|Joyous surrender to the natural order, rather than assertion and control over the forces around us, marks the vision of Indian art.|
Bodhisattva, Tabo Monastery, 11th century A.D. The serene face of the Bodhisattva displays the sublime quality of the classic art of India. This is one of the clay sculptures on the walls of the Tabo Monastery, which constitutes a Vajradhatu Mandala. In the late 10th and early 11th centuries A.D., King Yeshe Od of Guge is believed to have initiated the building of 108 monasteries across his kingdom (parts of Ladakh, Lahaul-Spiti, Kinnur and western Tibet). This was known as the Second Diffusion of Buddhism in the Trans-Himalayas.

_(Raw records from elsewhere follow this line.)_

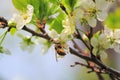 Bumblebee at white flowers of plum tree in spring Royalty Free Stock Photo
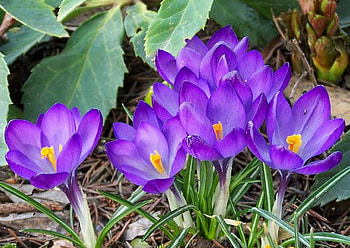 Spring is Coming Soon, crocus, petals, blossoms, garden, Plants HD wallpaper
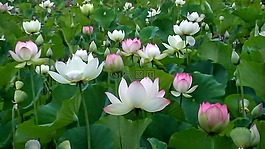 回音公园,莲花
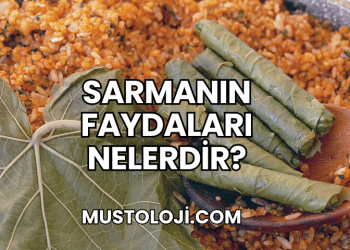 Sarmanın Faydaları Nelerdir?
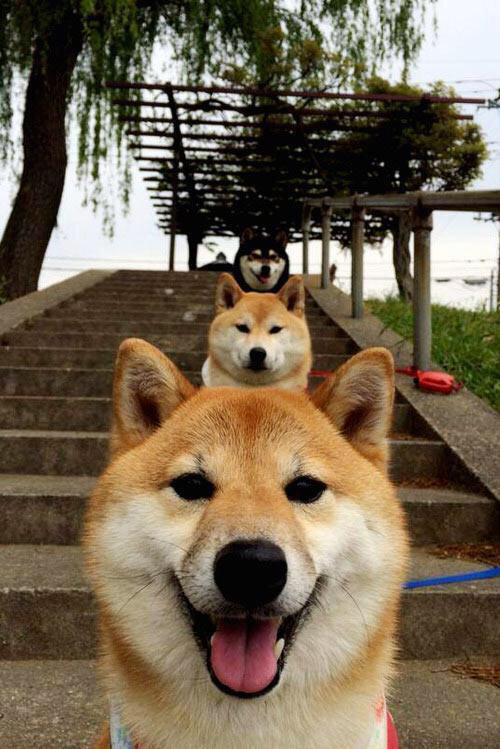 铁壁与节奏的艺术,德里赫特如何以掌控之力定义尤文对阵皇马的现代对决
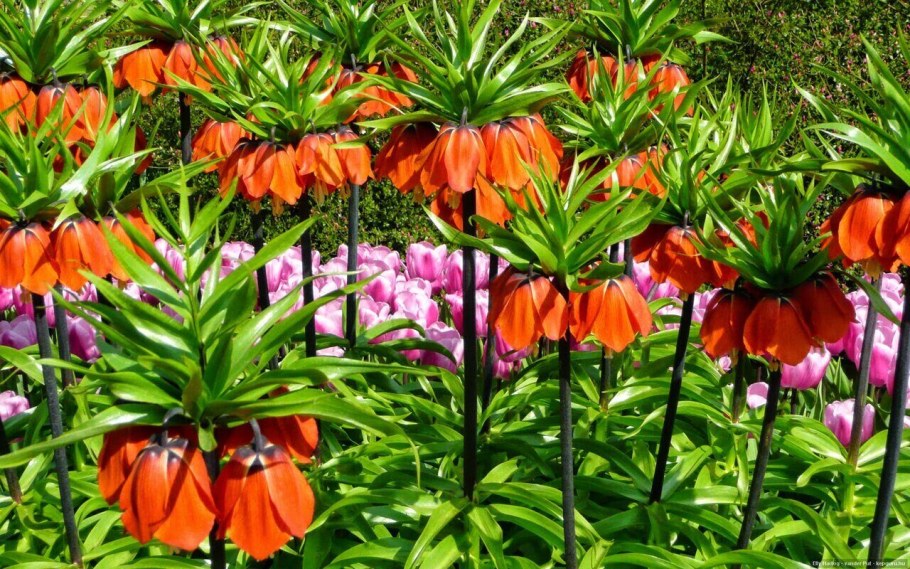 Рябчик Императорский Страйпт Бьюти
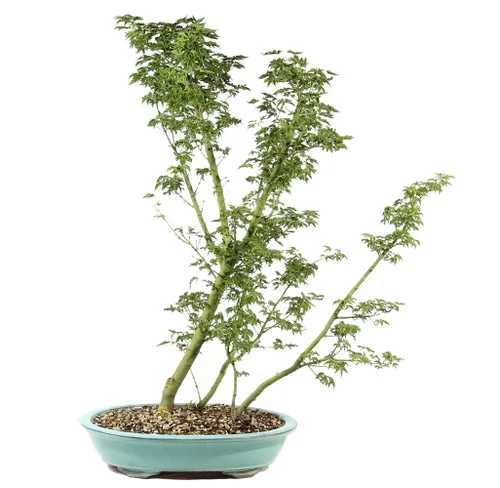 Japanese Maple – ST3425JMSG-C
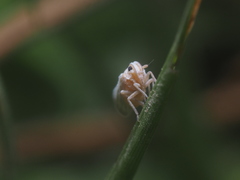 Insecta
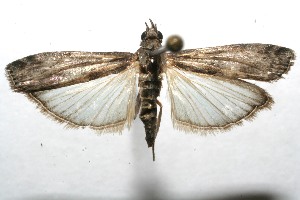  ( - 07-SRNP-113521)  @13 [ ] CreativeCommons - Attribution Non-Commercial Share-Alike (2008) Daniel H. Janzen Guanacaste Dry Forest Conservation Fund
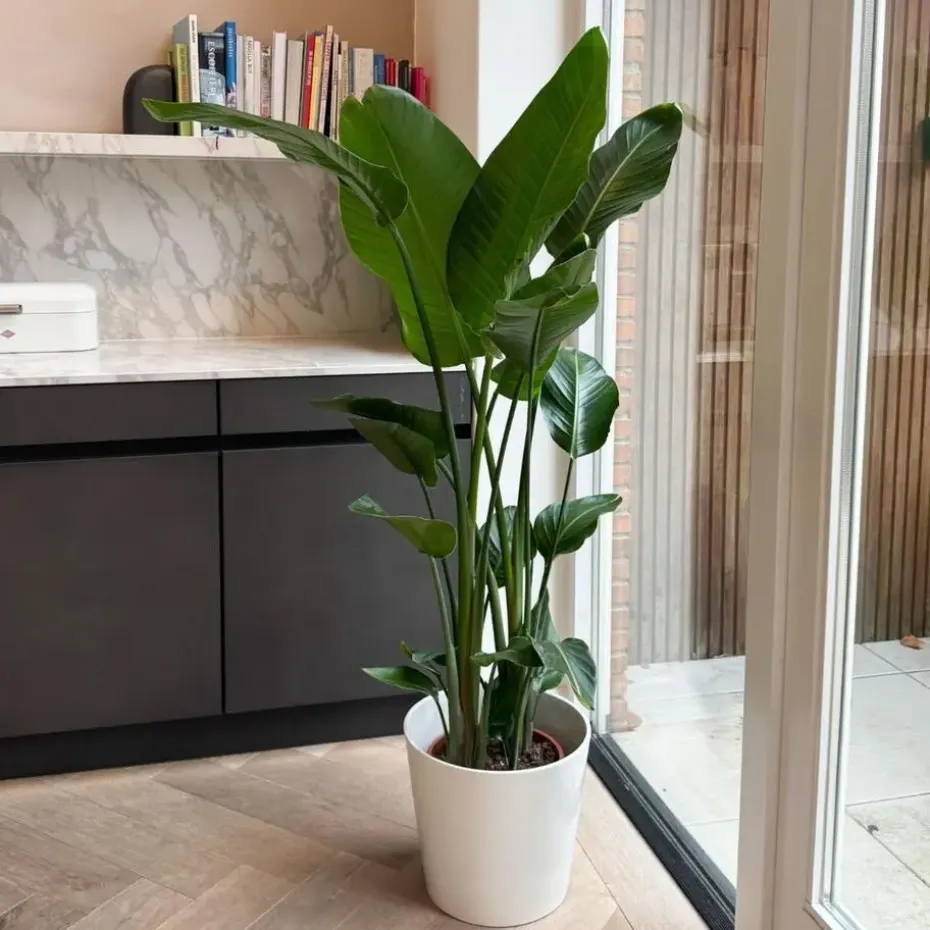 Paradijsvogelplant - Strelitzia nicolai - Hoogte 150-170cm - ⌀28cm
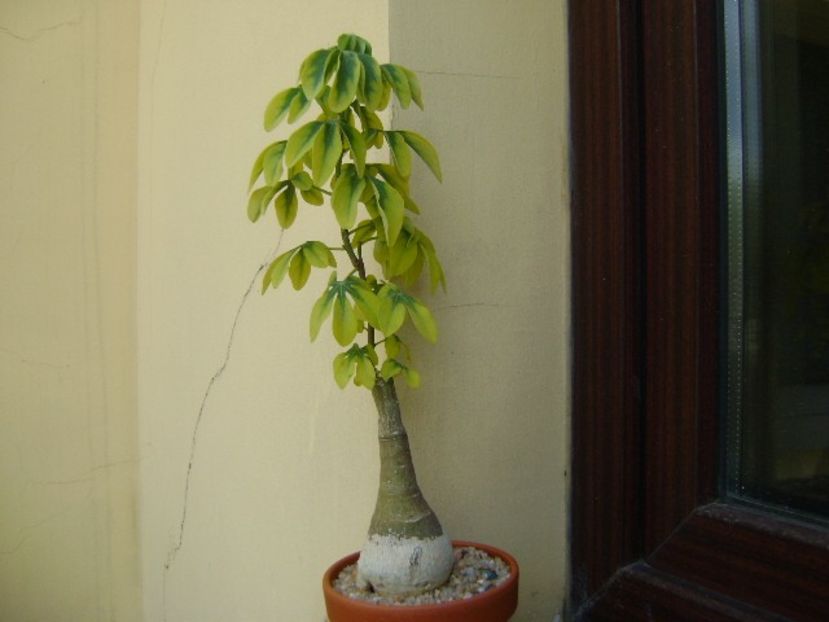 Adenia glauca - Caudiciforme si bulbi 2019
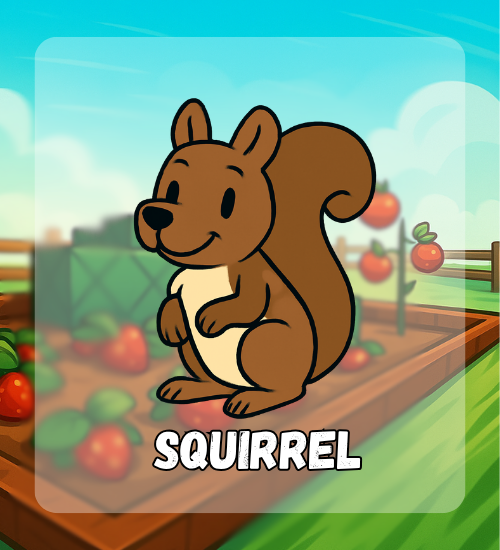 Squirrel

AN artist presents the world around him, shaped by how he sees it: by his perceptions and beliefs. The early art of India is a valuable record of the vision of one of the most ancient civilisations of the world. What makes it so fascinating is that this is a culture that continues to this day.
The art of ancient India brings before us a vision of great compassion. It is a view of the world that sees a harmony in the whole of creation. It sees the same that is in each of us, in the animals, the flowers, the trees, the leaves and even in the breeze that moves the leaves. All that there is, is seen to be a reflection of the One.
|Series:The first part of a 25-part series on Indian art.|
The phenomenal world of separated beings and objects seen around us is an illusion, perceived and brought to us by our senses. This information provided by our senses is of a personal and not an objective nature. Absorbed in this, we are blinded to the reality beyond. The primary illusion is the perception of ourselves as individual entities, which leads us on a path of egoic existence. On this path, we are distanced from the truth.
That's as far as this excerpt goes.